1. What are Short-Term Bond Funds?
Short-term bond funds make investments in securities that have a maturity period between a year to three years and offer high liquidity. Apart from commercial papers and certificates of deposits these also invest in government securities and medium and long-term instruments. Any entity or fund house can issue short-term debt (bonds) including government, corporations for investment and companies rated below investment grade. These are also available in dividend and growth options.
2. Risk and Return
Short-term bonds funds have a low-interest rate risk as compared to an intermediate or a long-term bond. This allows them to hold together in adverse market conditions. The point to note is that an investor can lose the principal amount of their investment with short-term bond funds.
3. Who should invest in Short-Term Bond Funds?
This form of investment is ideal for investors who do not have a high-risk tolerance for their capital and seek to make tax-adjusted returns that are better than an FD. Some invest in high credit risk securities like high yield bonds, while others choose to invest in high-risk securities to compensate for the low yield environment. You must check the funds day to day fluctuations as compared to its peers before buying it. The fund may not as safe as its associate short-term bond fund if it has an above-average volatility.
4. Strategies for Investing in Short-term Bond Funds
Short-term bond funds offer investors a good investment option if investment prudently.

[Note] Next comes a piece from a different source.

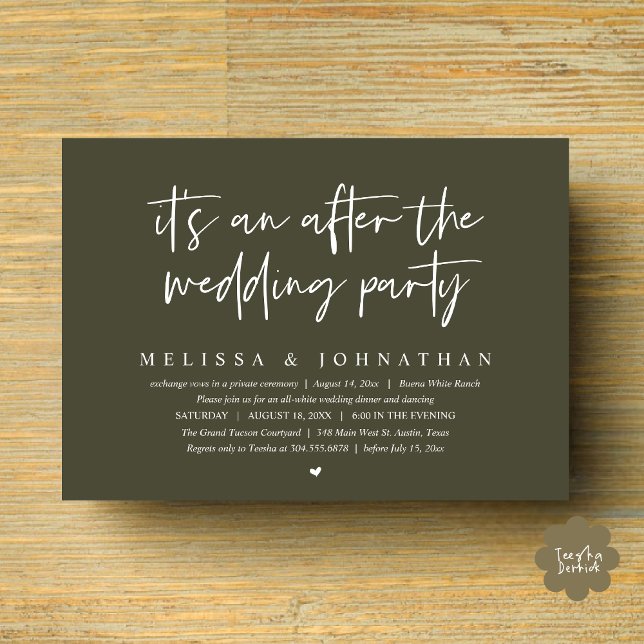 It's an after the wedding party, Romantic Dinner Invitation (It's an after the wedding party, Modern Romantic Dinner Celebration Invitation Card PDF Olive Green)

a) Short-term bond funds can maximize their gains by switching between investing in higher maturity debt scrips at one period of time, and then move to lower maturity scrips in another time period. When the interest is going down, the fund manager may buy longer tenured scrips when the interest rates are low and the bond prices go up.
b) Short-term bond funds are known to take a bit of credit risk. They have a considerable portion of their assets in high-quality AAA rated securities but they also invest a small fraction of their portfolio in some well-managed companies that have slightly weaker credit rated scrips. This poses a certain amount of risk in case the company defaults in interest or principal payments.
c) These funds use another strategy for the maintenance of their average maturities in a close range and for the confinement of the credit risk. This is a good way of creating long-term wealth as it avoids taking on excess risk and brings about a certain amount of stability to the portfolio.
5. Things to consider before investing in short-term bond funds
a) Expense Ratio
Understand the costs involved in investing in short-term bond funds. Since these funds are managed actively, there will be an added cost involved as compared to investing in a passively managed fund. Understand how much you would be paying in fee and extra cost before you invest.
b) Risk Tolerance
If you are averse to taking high risk and as an investor you are content with returns that aren’t too high, this may be the fund for you. Since the fund managers of short-term bond funds pick securities with high credit ratings, there is the least possibility if any of the issuers to default.
c) Tax Implications
It is vital to know your tax standing when investing in any fund. Short-term bond funds give out dividends at regular intervals which are taxed under the dividend distribution tax slab.
d) Investment Horizon
As an investor, you will not have to worry about the access to your funds being cut off for long as the ideal investment period for these funds spans between six months to a year.
e) Exit Load
Before investing in short-term bond funds, it is imperative for you to know that you may be charged an exit load if you choose to exit before the completion of six months or want to opt out of the scheme within a month of investing.
6. Advantages of Investing in short-term bond funds
a) Good and fixed returns in less period as compared to funds or investments which give mediocre returns, Example – Fixed deposit.
b) A lower degree of risk in bear markets.
c) Less sensitive to the inflation as compared to long-term bonds.
d) Highly liquid and easily convertible into cash.
e) Surplus funds can be invested in these bond funds rather than keeping it in the current account.
e) These funds can be a source of emergency funds as they are highly liquid
Short-term bond funds will not provide big or huge returns but can be used by investors who need safety for the invested amount & who are looking for a way to earn yields higher than those available on ultra-low risk investments. These funds are actively managed and can act as a very good investment return opportunity for people who are looking out for fixed returns.